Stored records
<<<<

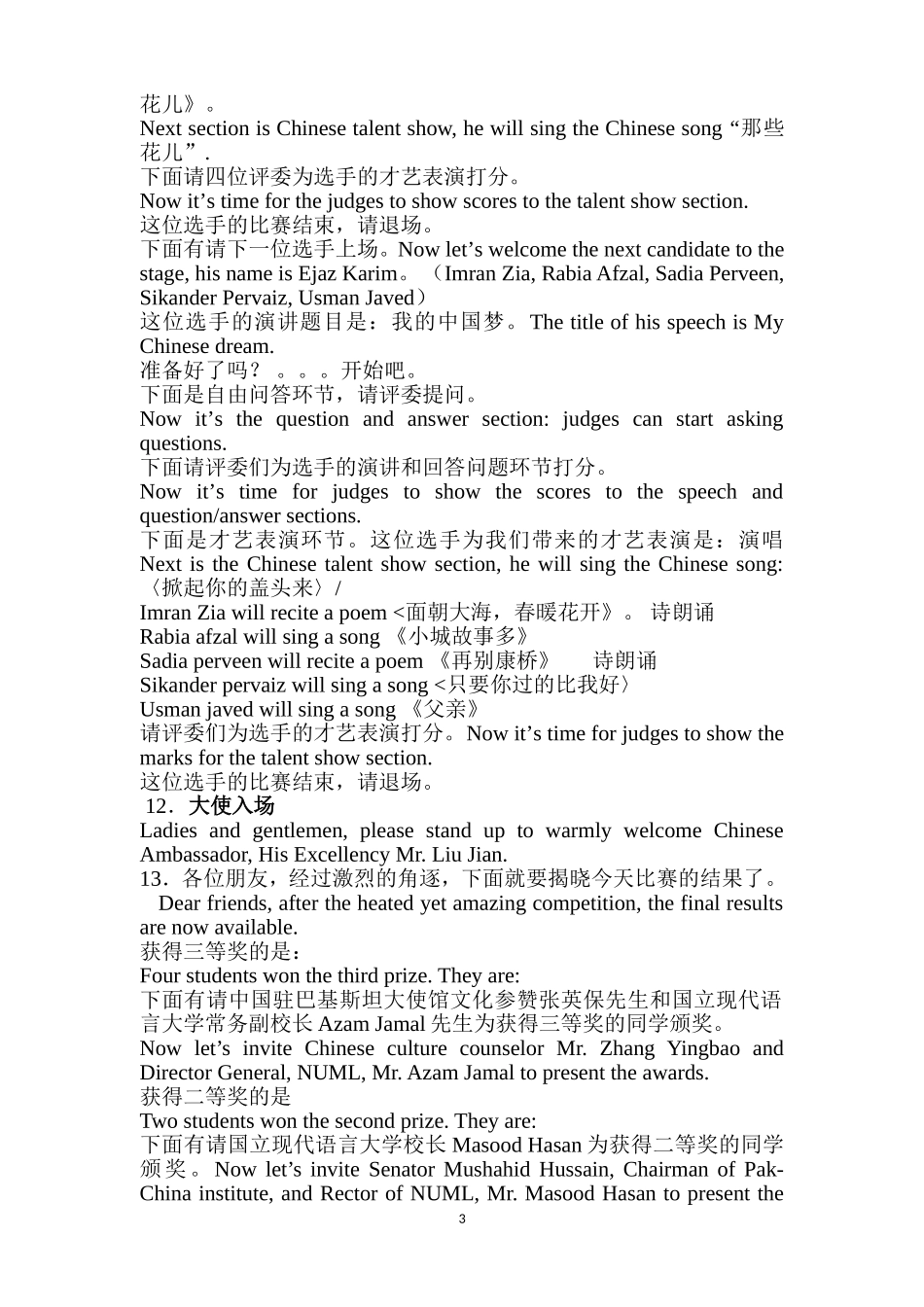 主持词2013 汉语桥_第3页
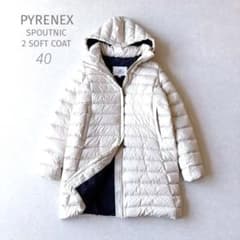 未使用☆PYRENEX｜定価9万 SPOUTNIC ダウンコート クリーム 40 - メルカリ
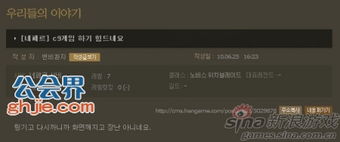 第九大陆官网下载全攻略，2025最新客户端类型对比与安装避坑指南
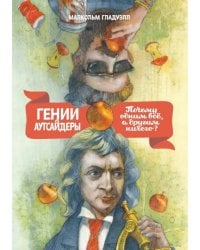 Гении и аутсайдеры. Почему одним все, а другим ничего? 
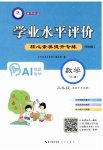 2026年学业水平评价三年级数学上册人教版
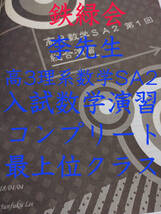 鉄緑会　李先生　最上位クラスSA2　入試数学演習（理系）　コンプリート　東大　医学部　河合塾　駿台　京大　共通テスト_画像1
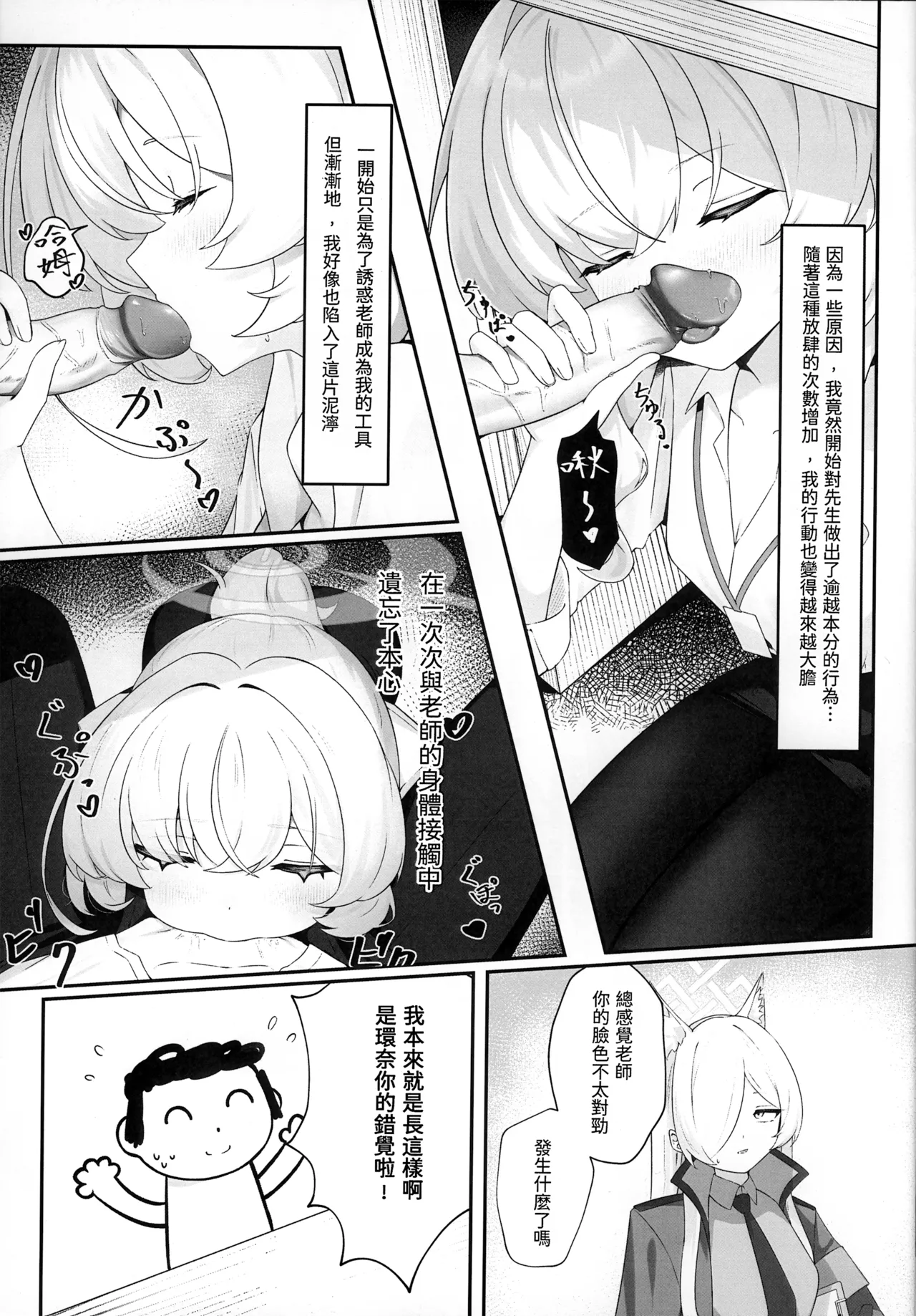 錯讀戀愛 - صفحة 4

>>>>

EXERCISE OBJECTIVE
Pictures do not belong in the copy. Reproduce the rest of the data exactly.

SOLUTION BELOW
 主持词2013 汉语桥_第3页
 未使用☆PYRENEX｜定価9万 SPOUTNIC ダウンコート クリーム 40 - メルカリ
 第九大陆官网下载全攻略，2025最新客户端类型对比与安装避坑指南
 Гении и аутсайдеры. Почему одним все, а другим ничего? 
 2026年学业水平评价三年级数学上册人教版
 鉄緑会　李先生　最上位クラスSA2　入試数学演習（理系）　コンプリート　東大　医学部　河合塾　駿台　京大　共通テスト_画像1
 錯讀戀愛 - صفحة 4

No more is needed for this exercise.